# [The data]
..............................

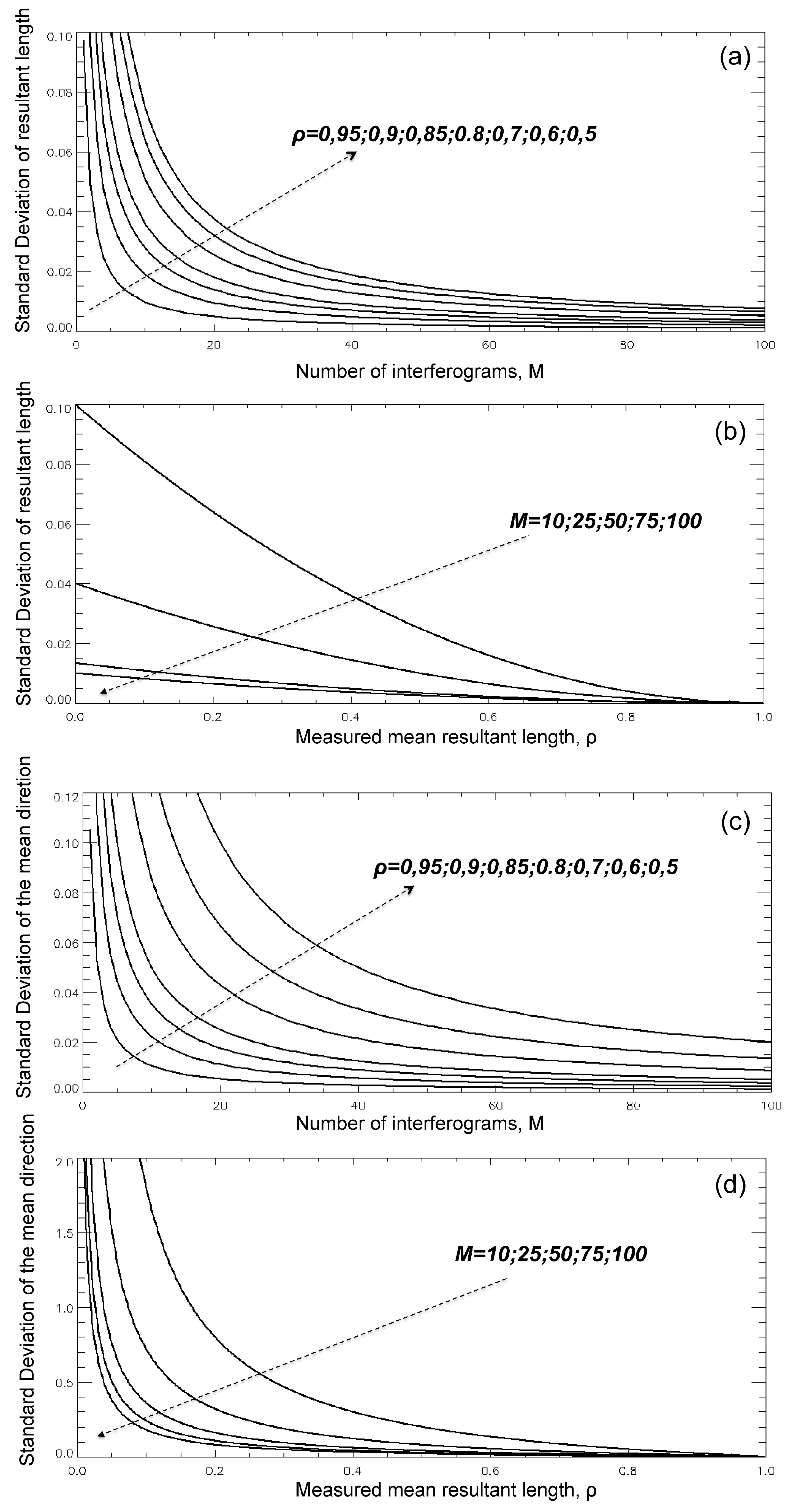Remotesensing 11 00363 g003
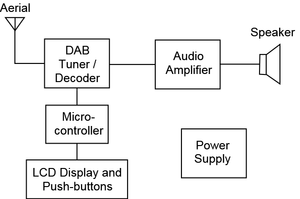 How radios work - Restarters Wiki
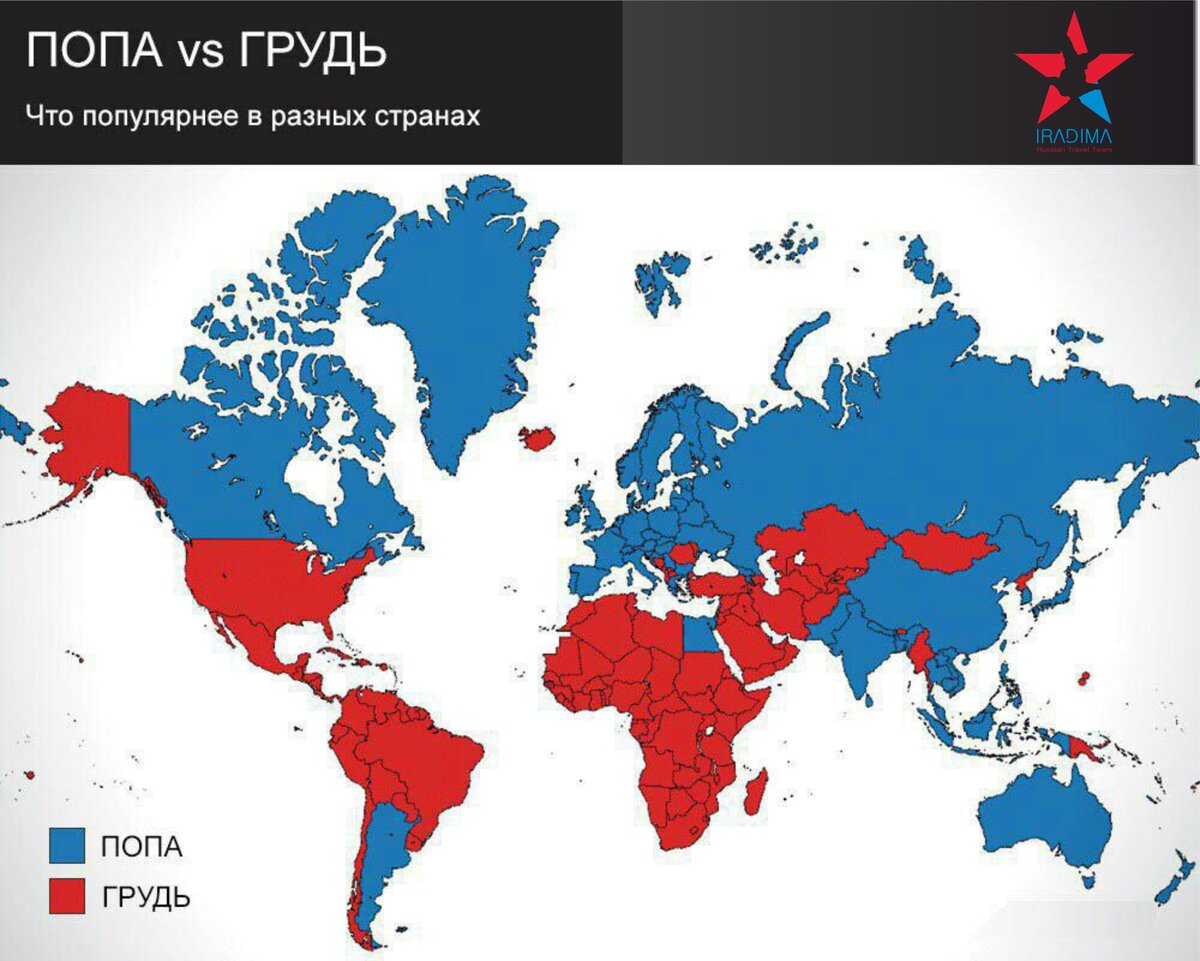 Попа vs грудь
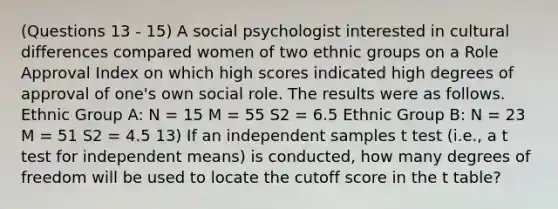 (Questions 13 - 15) A social psychologist interested in cultural differences compared women of two ethnic groups on a Role Approval Index on which high scores indicated high degrees of approval of one's own social role. The results were as follows. Ethnic Group A: N = 15 M = 55 S2 = 6.5 Ethnic Group B: N = 23 M = 51 S2 = 4.5 13) If an independent samples t test (i.e., a t test for independent means) is conducted, how many degrees of freedom will be used to locate the cutoff score in the t table?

..............................

# [What the task asks]
Give again, word for word, every line from the top of the data above to the line holding "Попа vs грудь", inclusive, with the pictures left out.

# [Task response]
Remotesensing 11 00363 g003
 How radios work - Restarters Wiki
 Попа vs грудь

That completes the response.